Primero a raíz del secuestro y la decapitación en Arabia Saudí del técnico civil norteamericano Paul Johnson, más recientemente a propósito de la muerte en Irak, en parecidas circunstancias, del intérprete surcoreano Kim Sun-il, no han sido pocos los medios de comunicación españoles que, con la mayor naturalidad, han calificado tales sucesos de ejecuciones; tampoco resulta excepcional oír o leer en esos mismos medios piezas presuntamente informativas que tachan de asesinatos las muertes causadas por las tropas anglo-americanas en territorio iraquí; y, por supuesto, cada vez que dichas tropas efectúan un bombardeo en Faluja o en Sadr City -pongo por caso-, la impresión mediática que nos llega es que las bajas eran todas civiles inocentes, nunca jamás combatientes o terroristas.

Que asimilar las muertes premeditadas, televisadas y atroces de esos rehenes con el cumplimiento de una sentencia legal (una ejecución es eso) sea un mero lapsus linguae me parece poco verosímil, y menos en un país como España. ¿Acaso alguien dijo, cuando en el verano de 1997 ETA secuestró y asesinó a Miguel Ángel Blanco, que lo habían ejecutado? ¿Quién, fuera del entorno terrorista, ha tildado de asesinato la muerte de un etarra en enfrentamiento armado con la Guardia Civil o la policía? Pero como tampoco creo demasiado en las consignas universales ni en los complots, intuyo que, en lo relativo al tratamiento mediático de la información relacionada con el terrorismo islamista, Occidente -y España en particular- sufre una especie de síndrome de Estocolmo, un "complejo de víctima culpable" que nos induce a otorgar a Al Qaeda y compañía alguna dosis de legitimidad, a concederles cierto grado de indulgencia o comprensión. Legitimidad, indulgencia y comprensión que extraemos de nuestro masivo rechazo ante la invasión y la ocupación de Irak, sin querer entender que tanto el proyecto religioso-político como las prácticas asesinas de Bin Laden y sus secuaces son muy, muy anteriores a la guerra de 2003, a la presidencia de George W. Bush, a la Intifada palestina o a cualquiera de las restantes coartadas tras las que hábilmente se escudan.

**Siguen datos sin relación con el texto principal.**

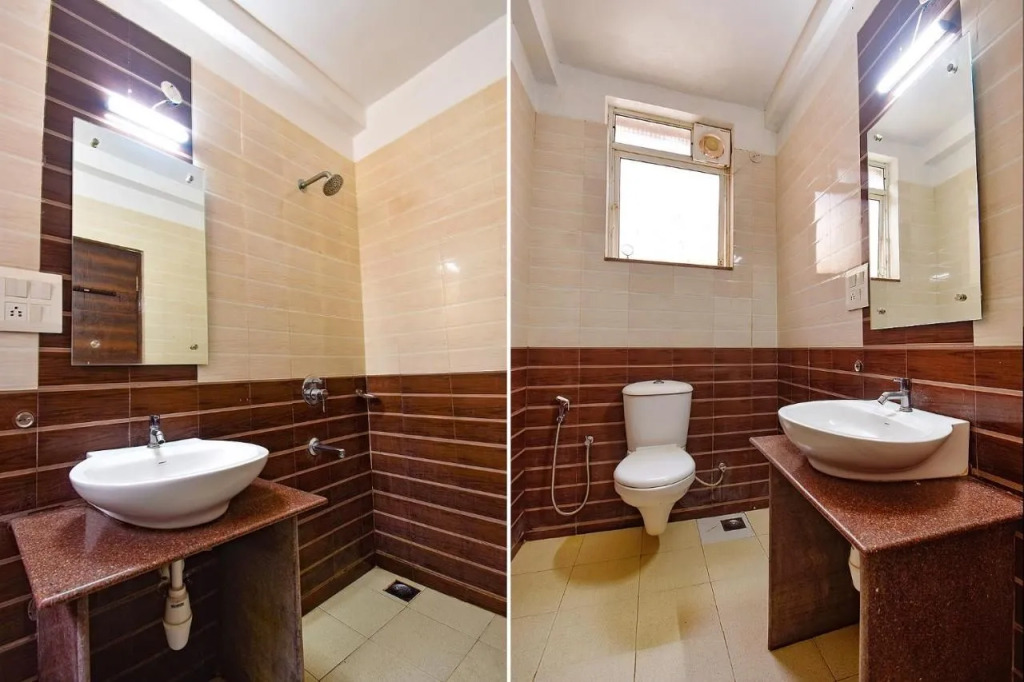 FabHotel Ocean View Apartment - Dabolim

Sólo desde un acomplejamiento enfermizo de los valores democráticos de Occidente puede entenderse que, el pasado viernes 25, un telenoticias vespertino y público mostrara al imán de una mezquita suní de Bagdad atribuyendo los sangrientos atentados terroristas del día anterior en el centro y norte de Irak a un complot "de los judíos y los norteamericanos"..., sin que los periodistas responsables de la información creyesen necesario introducir ningún matiz o contrapunto crítico a tan delirante aserto. Del mismo modo, cuando el intérprete surcoreano fue salvajemente decapitado, a muchos les pareció que la responsabilidad del drama no recaía sobre los bárbaros asesinos, sino sobre el Gobierno de Seúl por su empeño en enviar tropas al país árabe.

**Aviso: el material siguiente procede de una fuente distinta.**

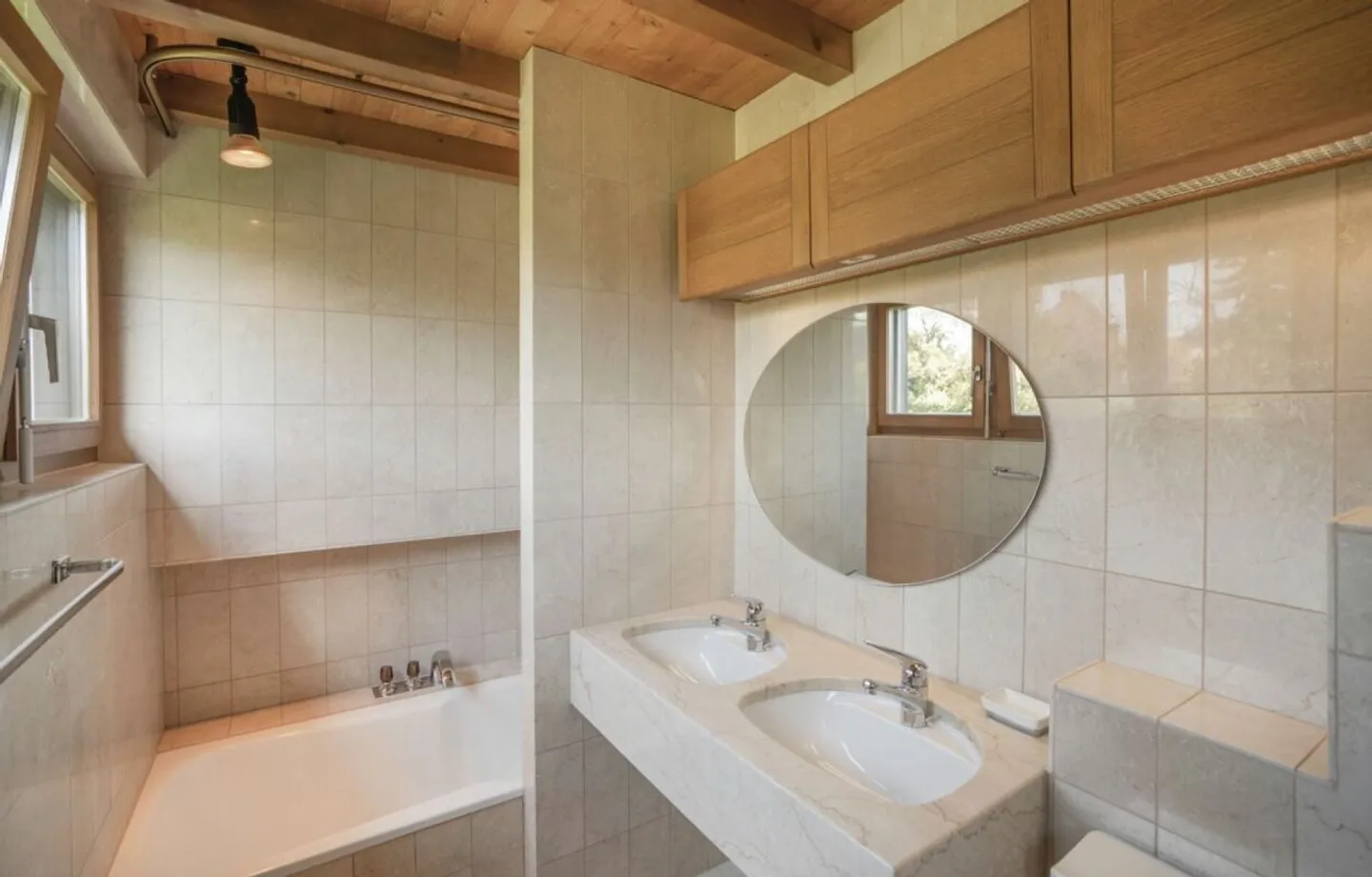 Charmantes Einfamilienhaus in der Natur - Foto 11 von 13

¿Y qué decir de la fórmula, aplicada ya a rehenes italianos y turcos, de exigir antes de liberarlos la celebración de manifestaciones antinorteamericanas en Roma o en Estambul? ¿No debería esa clase de chantaje provocar el indignado rechazo de cualquier progresista, de cualquier demócrata? Pues miles de personas acudieron a las respectivas protestas, haciendo el juego a los secuestradores fundamentalistas. En fin, mientras los mayores especialistas mundiales en Al Qaeda (Rohan Gunaratna, en EL PAÍS del 25 de junio) afirman que es esencial "controlar las mezquitas para que se expanda el islam moderado", la directora general de Asuntos Religiosos del país que sufrió el 11 de Marzo, Mercedes Rico-Godoy, desdeña cualquier vigilancia sobre los sermones de los imanes, y encima propone no hablar de "terrorismo islámico", sino de "terrorismo internacional"; el sindicato de avestruces debería reclamar a doña Mercedes derechos de autor...

Porque lo más grave es que el complejo de culpa y el desarme moral ante el integrismo islamista violento se extienden entre nosotros desde la esfera periodística a la política. Durante la cumbre de la OTAN del pasado fin de semana, el presidente Rodríguez Zapatero subrayó la necesidad de evitar el "choque de civilizaciones", y recomendó a los socios atlánticos no dar más pasos que puedan implicar enfrentamiento con Oriente. Tales propósitos no pueden ser más loables, pero su viabilidad no depende sólo de Occidente, y parece claro que en el mundo árabo-islámico existe una fracción -minoritaria, aunque significativa y resuelta- que apuesta justamente por el choque. Véase, si no, el reciente alegato del presunto cabecilla de Al Qaeda en Irak, Abu Musab al Zarqaui: "Llevaremos a cabo nuestra guerra santa contra los infieles occidentales y los apóstatas árabes hasta que se restablezca el gobierno islámico sobre la tierra".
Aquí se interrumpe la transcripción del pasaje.